Yo iba a llamarme María del Carmen. Mi madre me esperaba niña y supongo que la primera de las muchas decepciones que le he dado a lo largo de mi vida fue nacer varón. Sin embargo, puede que eso determinara su forma de educarme. Me enseñó a respetar a las mujeres, a sentirme cerca de su forma de ver el mundo, su manera de ir transformándolo poco a poco, más despacio de lo que nos hubiese convenido. Fue como si a esa ropa azul de emergencia que tuvo que hacer para sustituir la canastilla rosa que había preparado (eran otros tiempos y otras costumbres), le pusiera un lazo color malva que aún llevo prendido.

Por eso me molesta cuando llega el ocho de marzo y nos ponemos sentimentales, quizás hoy un poco más que otras veces porque hace días que llueve y no ver el sol predispone a la murria, pero en seguida se nos pasa, nos quitamos el lazo malva de la solapa y volvemos a dejar las cosas más o menos como han estado siempre.

Probablemente la mayor estupidez que ha cometido el hombre a lo largo de la historia ha sido despreciar el potencial femenino.
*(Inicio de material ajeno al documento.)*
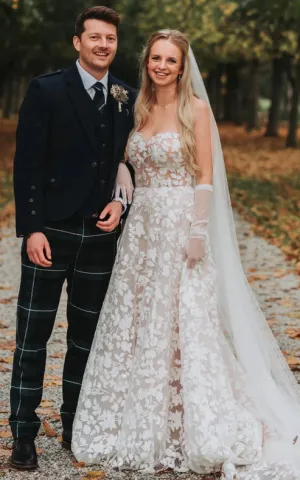 Luolandi Boho Strapless Garden Marriage Dress A-Line with White Appliques Lace Sweep Train Without Gloves
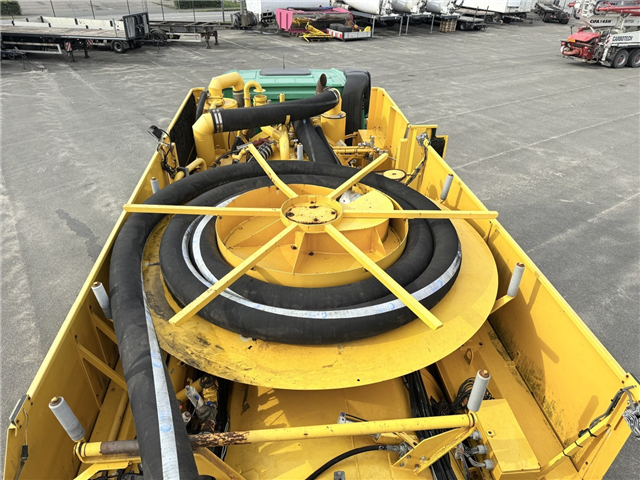 Mercedes Actros 3258 RHD 8x4-4 Wiedemann Super 1000 Recycler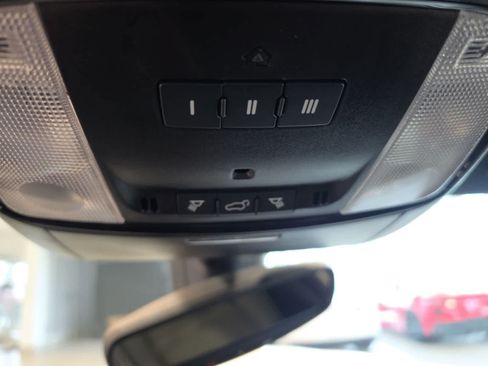 Used 2025 Dodge Durango GT AWD/4WD image 23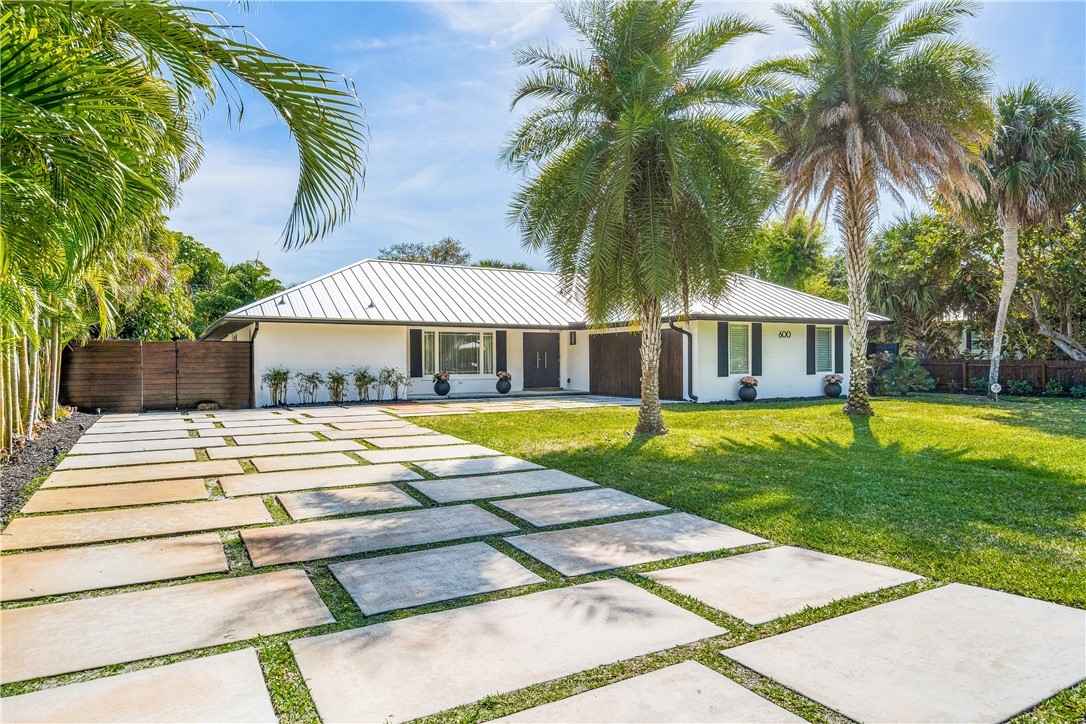 600 Honeysuckle Ln  
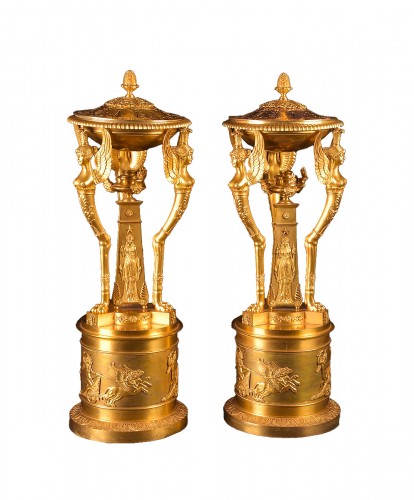 Paire de grands brûle-parfums en bronze doré, vers 1810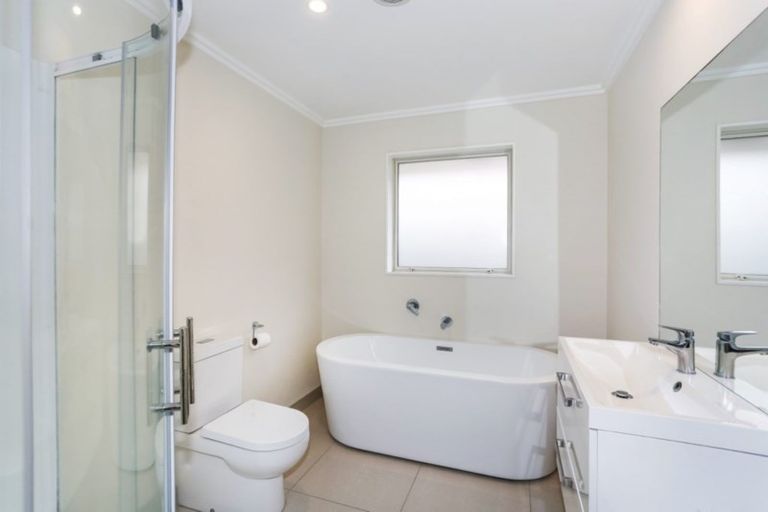 Photo of property in 4 Shepherds Road, Papakura, 2110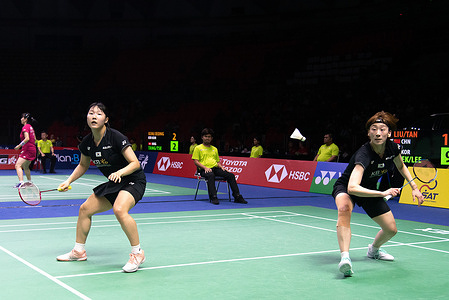 Baek Ha Na (L) and Lee So Hee (R) of South Korea play against Liu Sheng Shu and Tan Ning of China during the Badminton Women’s doubles in the Thailand Open 2023 at Huamark indoor Stadium. Baek Ha Na and Lee So Hee won over Liu Sheng Shu and Tan Ning 2:0 (22:20,21:14).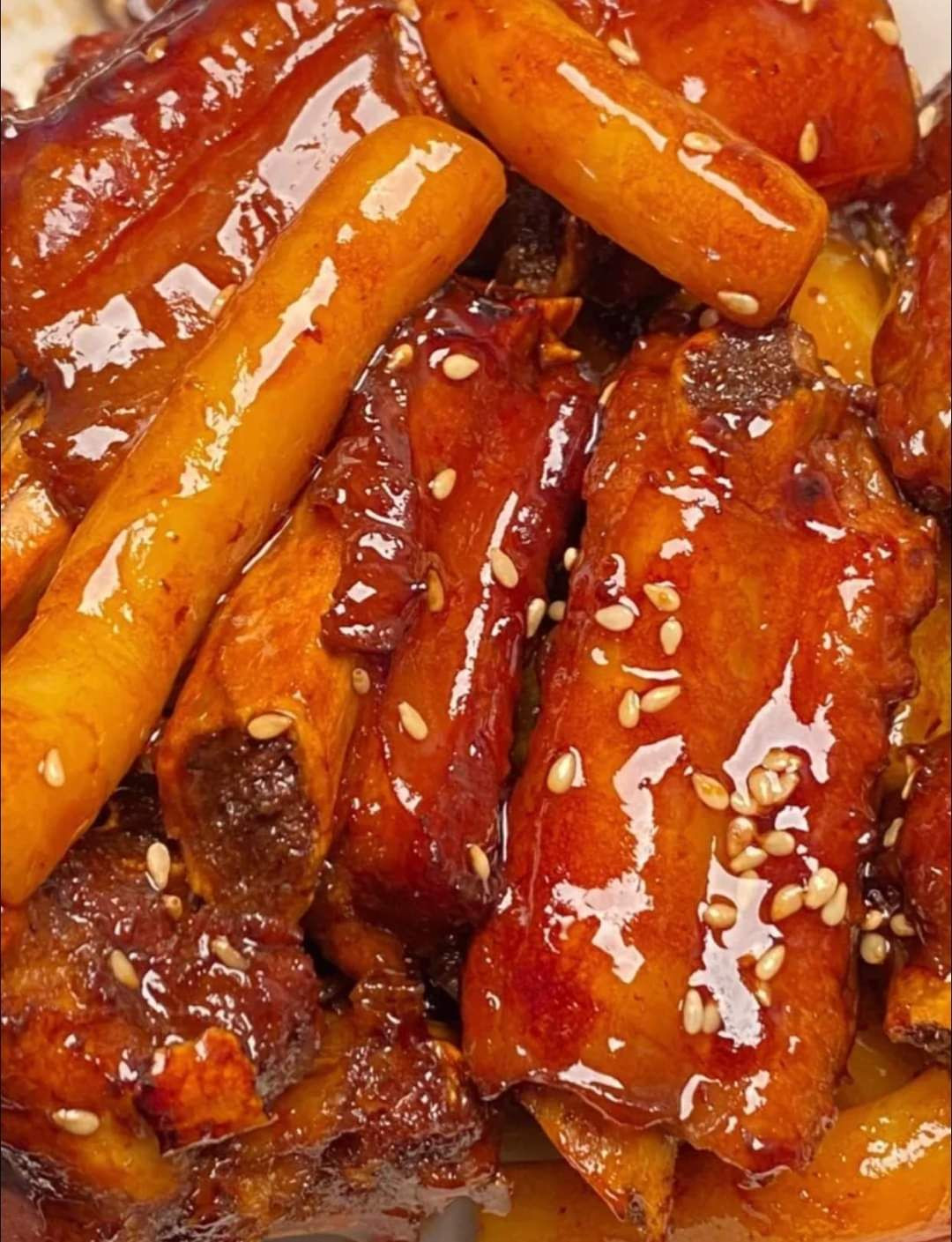 Sườn Xào Bánh Gạo Sốt Cay Ngọt Thơm Ngon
Si bien es cierto que la raza humana ha logrado llegar muy lejos, no me cabe la menor duda de que hubiese ido muchísimo más allá, y probablemente mucho mejor, si no se hubiera pasado los siglos cercenando la participación de las mujeres. A nadie se le oculta que nuestro avance es más espectacular en lo tecnológico que en lo moral, que nuestras máquinas han prosperado más que nuestras mentes, por mucho que nos duela reconocerlo. Hemos conseguido erradicar graves enfermedades y hacer fáciles trabajos pesadísimos, pero no hemos sido capaces de desterrar la desigualdad y la estupidez que lleva intrínseca.

Es una verdad inamovible, una obviedad, que al mundo le sobra testosterona. Es evidente que todo esto sería más habitable con una mayor dosis de componente femenino, esa forma de lucidez. Si toda la energía que las mujeres han tenido que emplear para superar los obstáculos que tan absurdamente les hemos puesto en el camino se hubiese podido dedicar a tareas más productivas el mundo sería sin duda un lugar mejor.

No sirven de mucho los lazos malva en la solapa si no los prendemos en nuestras mentes para siempre. Hasta que asumamos la lógica de que nadie debe ser inferior en derechos, de que la diferencia nos complementa y de que es estúpido desperdiciar el talento, la inteligencia y la potencia de la mitad de la Humanidad, el mundo seguirá siendo un lugar bastante inhóspito y desapacible, un campo de batalla al borde siempre del desastre.